Required work
Output the whole listing exactly, except for the pictures in it.

Data below

Start of Block

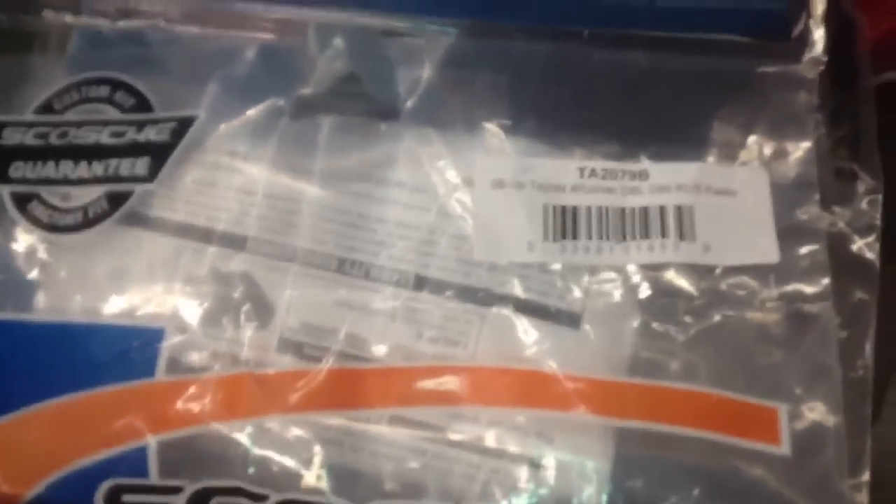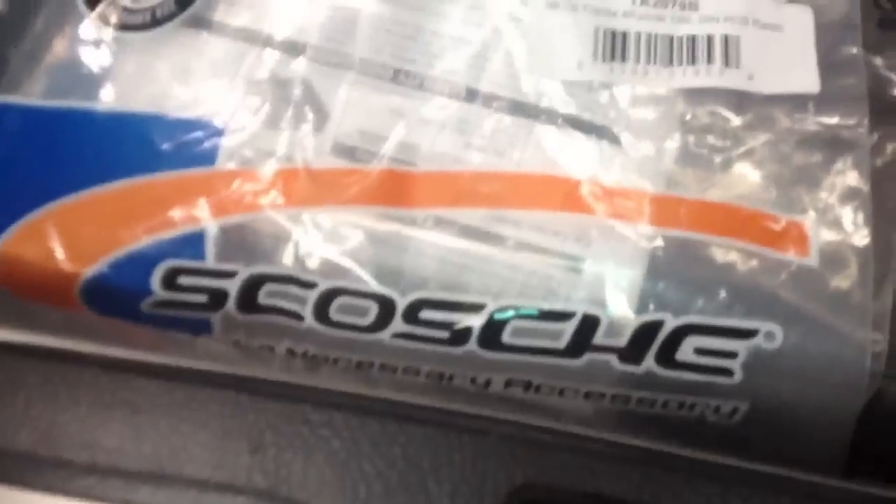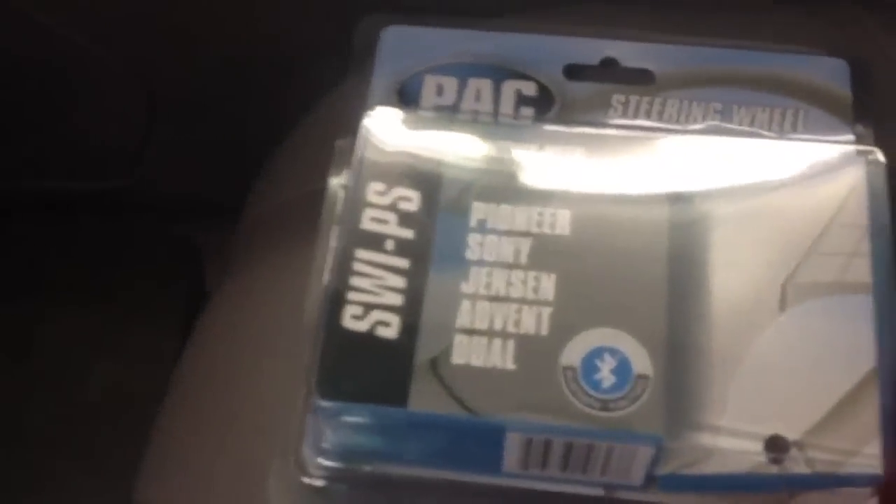The factory JBL synthesis system with the center channel and the factory subwoofer is all retained. We went ahead and used a PAC TATO to power the system, and this is the dash kit — TA2079B from Scosche.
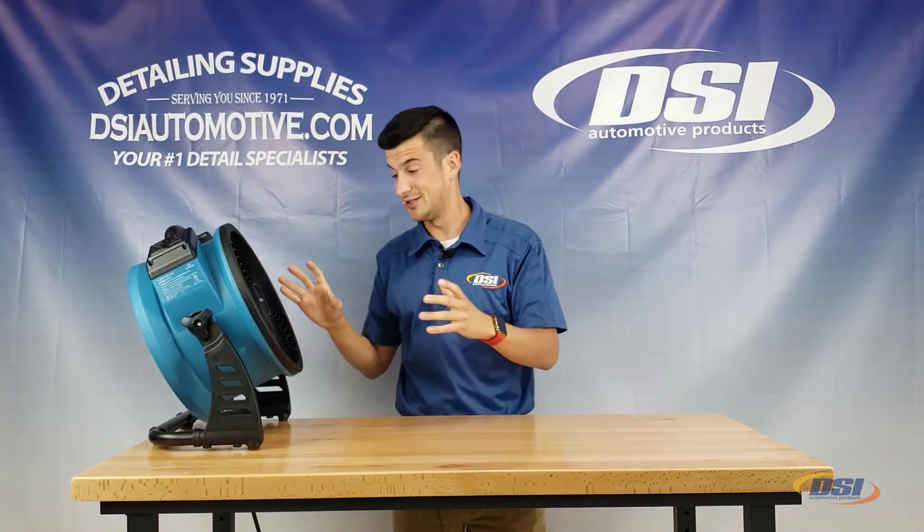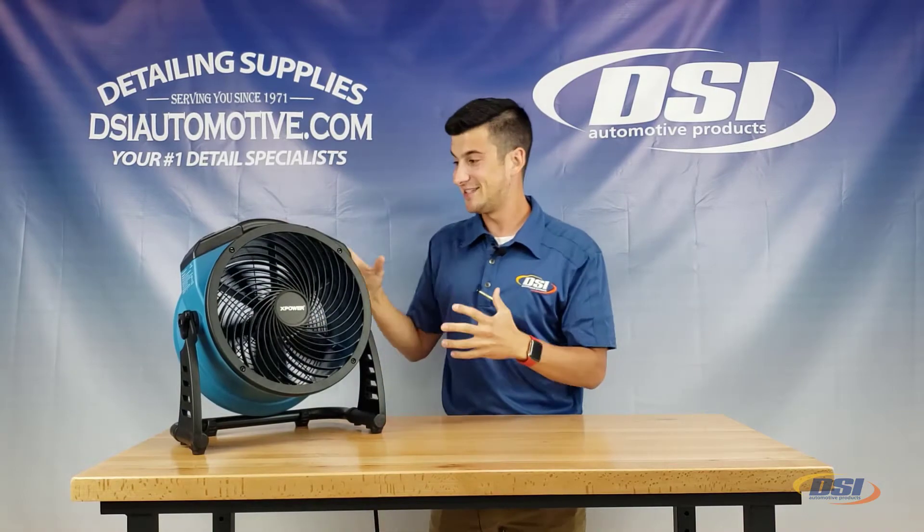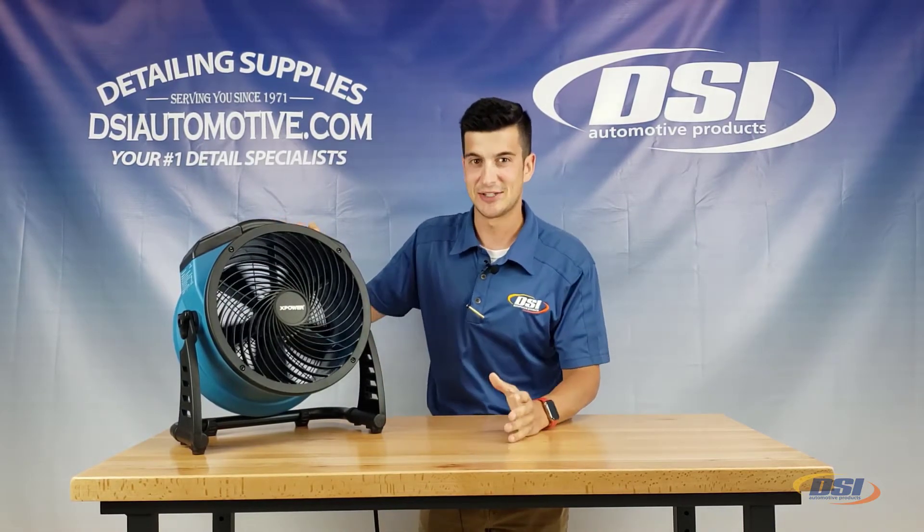This is a powerful fan from XPower. These can be bought on our website at dsiautomotive.com and they are the best.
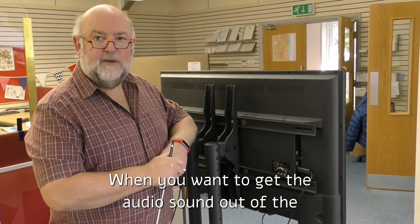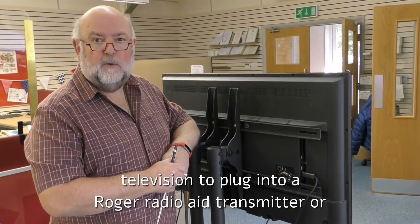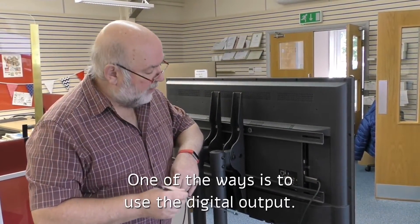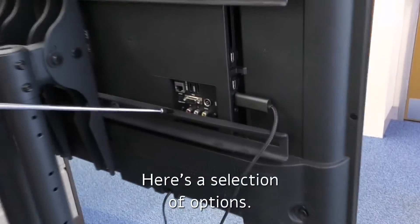When you want to get the audio sound out of a television to plug into a Roger Radio Aid transmitter, or perhaps a TV listener, there are lots of different ways you can do it. One of the ways is to use the digital output. Let's look a bit closer — here's a selection of options.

End of Block

Answer to the exercise
The factory JBL synthesis system with the center channel and the factory subwoofer is all retained. We went ahead and used a PAC TATO to power the system, and this is the dash kit — TA2079B from Scosche.
This is a powerful fan from XPower. These can be bought on our website at dsiautomotive.com and they are the best.
When you want to get the audio sound out of a television to plug into a Roger Radio Aid transmitter, or perhaps a TV listener, there are lots of different ways you can do it. One of the ways is to use the digital output. Let's look a bit closer — here's a selection of options.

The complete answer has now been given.